Pela afinação e sincronia das guitarras, até que Mato Sem Cachorro poderia incorporar o catálogo musical do Legião Urbana. Afinal, existe no som da faixa uma influência em relação à sonoridade do rock nacional oitentista, com uma mistura entre alternativo, indie e o punk. De linhas rítmicas e líricas repetitivas, a canção ainda guarda uma nítida influência de Paranoid, single do Black Sabbath, algo que é evidenciado pelos golpes secos e fortes da bateria na ponte entre o verso e o refrão. De todas as músicas até então executadas de Desaforo – Volume I, Mato Sem Cachorro é aquela que possui vocal mais audível, o que tornou possível a clara interpretação da letra, a qual, se utilizando de poucas palavras, deixa claro a mensagem pró-LGBT e suas ramificações. Afinal, esta é uma canção que enaltece o amor.

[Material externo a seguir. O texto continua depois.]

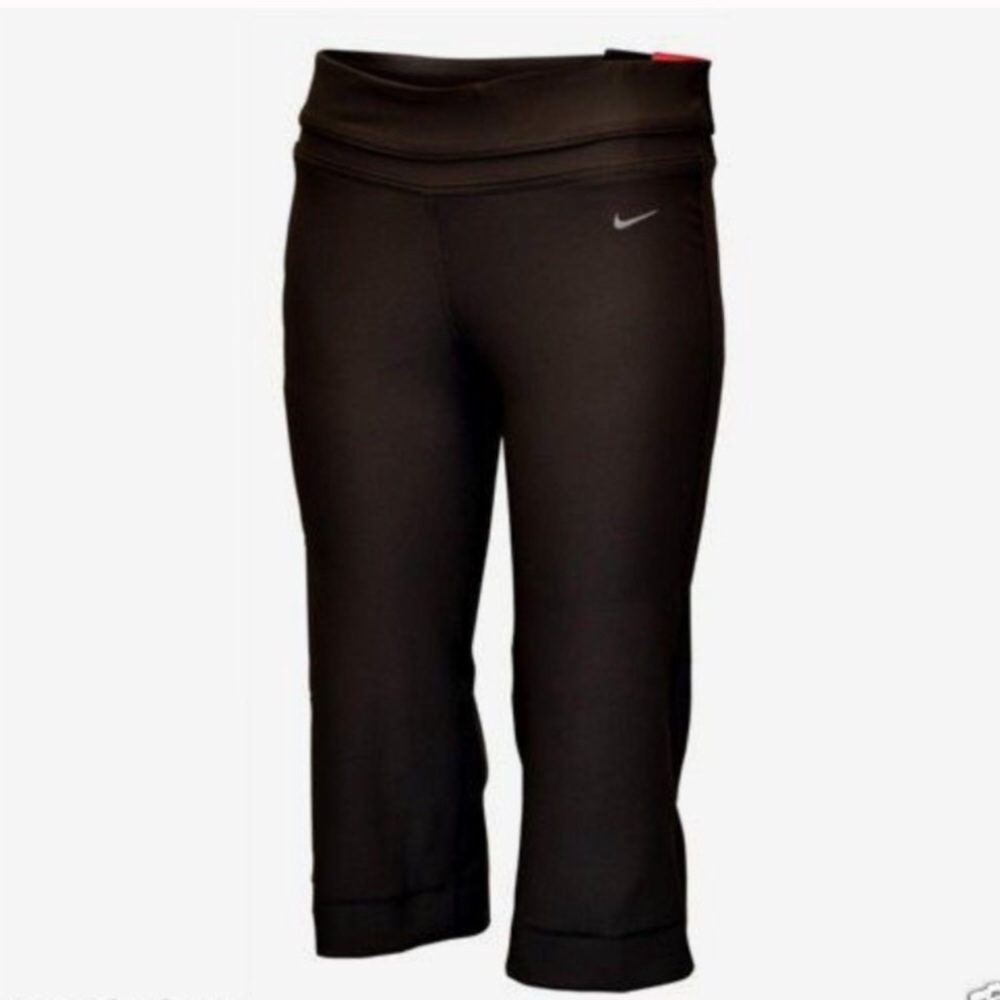 Black Nike Dri-fit capri workout pants!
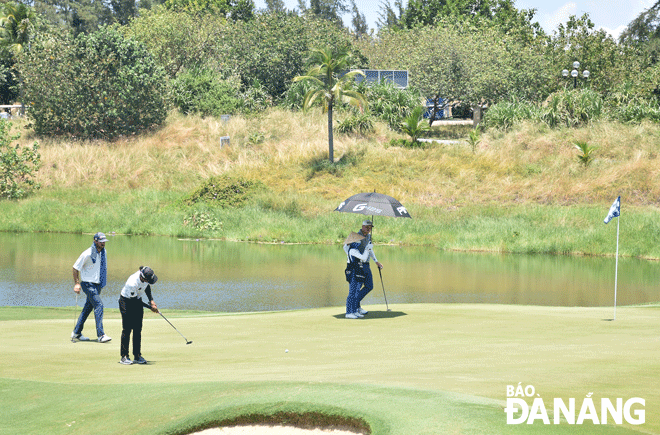 Golfers competed at the Da Nang Golf Tourism Festival 2022. Photo: THU HA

Dramático, o despertar de Poeira de Touro possui uma melodia intimista e melancólica que se emaranha por entre as bases do rock alternativo. É fato também que existem na somatória sonora toques de indie que tornam a faixa um blend de amenidade e sujeira entorpecida. Um instrumental que faz com que o ouvinte nutra dentro de si uma tristeza inebriante e estranhamente reconfortante.
A guitarra entra mais comportada. Sem distorção e com cadência macia, ela vai aveludando o ouvido do espectador conforme seus riffs vão se desenvolvendo. Como ventos ululantes que trazem brisas nostálgico-melancólicas, Amanda se pronuncia com cantarolares brandos que, assim como em Mato Sem Cachorro, são perfeitamente audíveis. Porém, mesmo assim, na presente faixa as palavras continuam sendo difíceis de serem interpretadas, pois a cantora, além de estar cantando em inglês, adota um tom interno que pouco extravasa o potencial vocal. Com uma melodia que transita entre o indie e o psicodélico, se percebe que Die Angels é uma canção morfinadamente sofrida e lamentosa.
O que se percebe após ouvir as sete faixas é que a proposta supera a realização em Desaforo – Volume I. Afinal, no que tange a melodia, ela é bem executada. Nota-se influências do punk setentista, da psicodelia, do indie e até mesmo do rock nacional oitentista. Além disso, as notas graves das guitarras em união ao compasso ameno em 4x4 da bateria fazem com que o disco se encaixe perfeitamente na variante post-punk.
No entanto, o disco não é feito apenas de instrumental. Majoritariamente, a mixagem realizada por Guilherme Vazzoler fez com que os vocais fossem engolidos pela sonoridade dos instrumentos. Pouco se compreende o que está sendo cantado, fazendo com que a voz de Amanda pareça mais um som ambiente do que o porta-voz de um cenário.
A pouca equalização fez com que, mesmo o teclado inserido na faixa Aldeia, que é percebido como um integrante onipresente, fosse mais facilmente identificado do que os vocais. Ainda assim, é inegável que, do pouco que pôde ser interpretado do lirismo, Desaforo – Volume I carrega um descontentamento perante o governo brasileiro atual, além de simpatizar e dar apoio às questões de gênero.
Como todo lançamento, é a capa que primeiro impacta o espectador, e no caso do trabalho da La Burca não é diferente. Feita entre Amanda, Azucena Rodrigues e Fernanda Robles, ela de fato choca. Trazendo o corpo de um pássaro com um coração no lugar da cabeça, a metáfora que se cria é no desejo de uma sociedade atue mais guiada pela emoção e empatia do que razão e ignorância. E nisso, o encarte acaba sendo outro ponto forte do disco.
Lançado em 20 de julho de 2021 via !punklorecords! em parceria com o Coletivo Lança, Desaforo – Volume I é um disco sujo como o punk e com letras fortes com apelo político-social. É o trabalho de um conjunto que possui potencial de crescimento, que diz o que deve ser dito e que, portanto, deixa claro ser um power trio que não leva desaforo para casa.